Security wise, it proves useful to determine the internals of your
network, the HINFO field comes to mind, also revealing host names of
machines on your network like for example: linux01.usc.edu
You can restrict axfr's in BIND 8.1.2. with the allow-transfer option.
http://www.isc.org/bind8/options.html
6. It's ok. A.B.C.D. was trying to do zone transfer while it's not
authorized to. Very likely that A.B.C.D. is some sort of robot that
collects information to build up databases for search engines.
by the way, bind-8.1.2 has been released.

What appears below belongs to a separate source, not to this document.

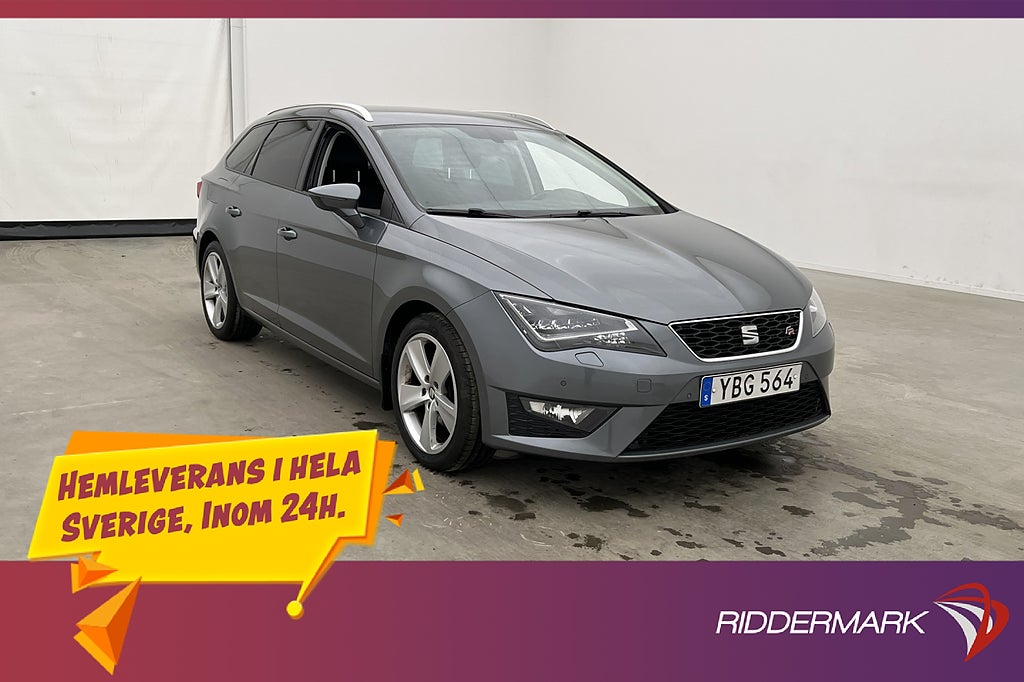 Seat Leon ST 1.4 TSI DSG 150hk FR Sensorer CarPlay Halvskinn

7. It could be. Someone probably tried to dump your reverse-map.
They didn't succeed but you might be intrested of scanning your logs
for other entries from the same host.
8. Usually this is because you have configured your nameserver so
that only approved hosts can do secondary zone transfers, and the
IP address listed in the message tried to get a zone trasnefr from
you, but failed because you haven't allowed it to.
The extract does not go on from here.